Source material:
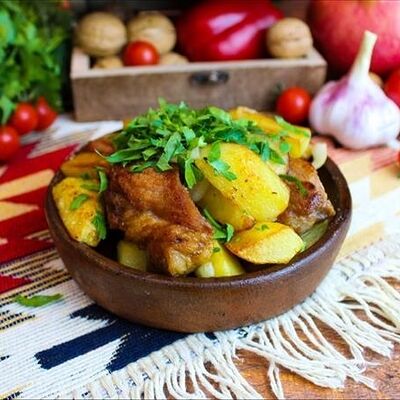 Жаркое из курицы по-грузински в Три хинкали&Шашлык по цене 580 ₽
...
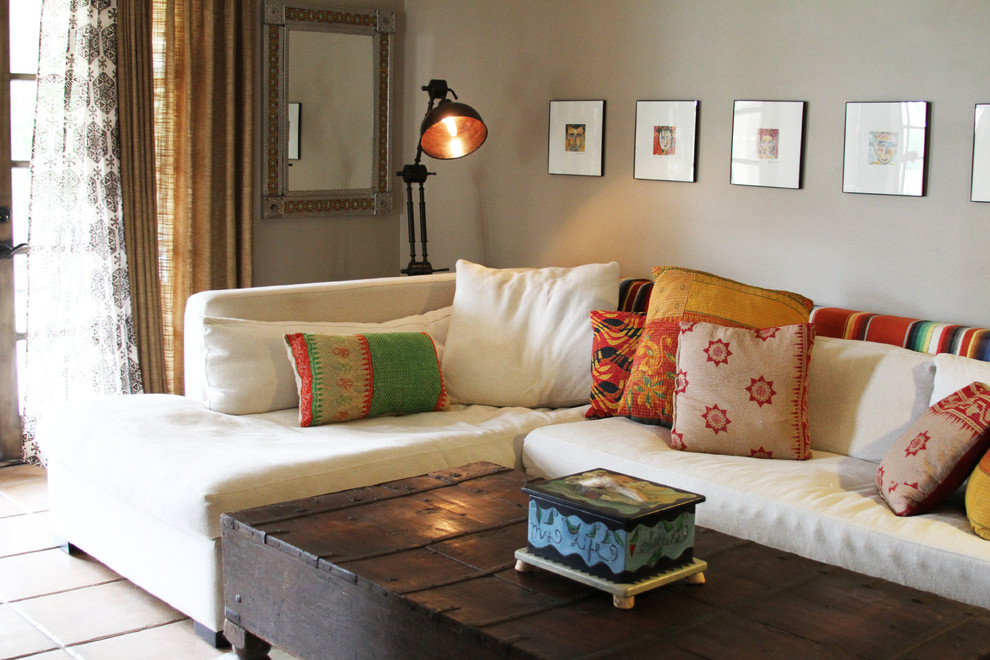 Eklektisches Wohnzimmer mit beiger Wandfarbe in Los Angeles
==
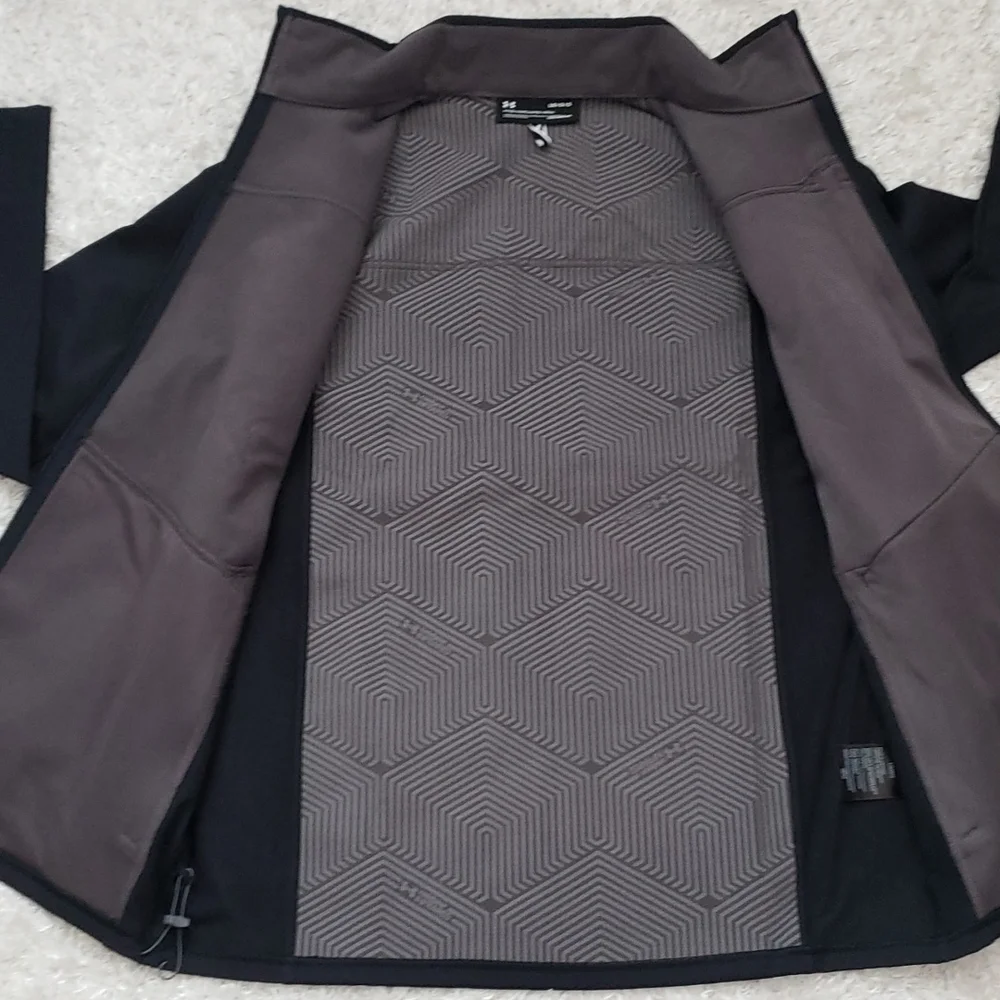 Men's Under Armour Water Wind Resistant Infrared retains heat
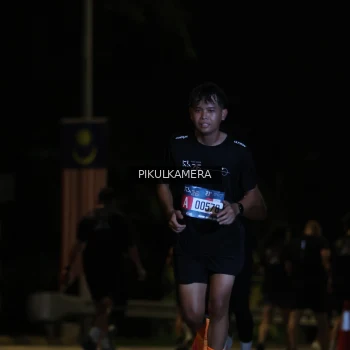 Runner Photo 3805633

Exercise description:
Retype, exactly and with no pictures, everything above from the line with "Men's Under Armour" down to the line with "Runner Photo 3805633", both included.

Output of the task:
 Men's Under Armour Water Wind Resistant Infrared retains heat
 Runner Photo 3805633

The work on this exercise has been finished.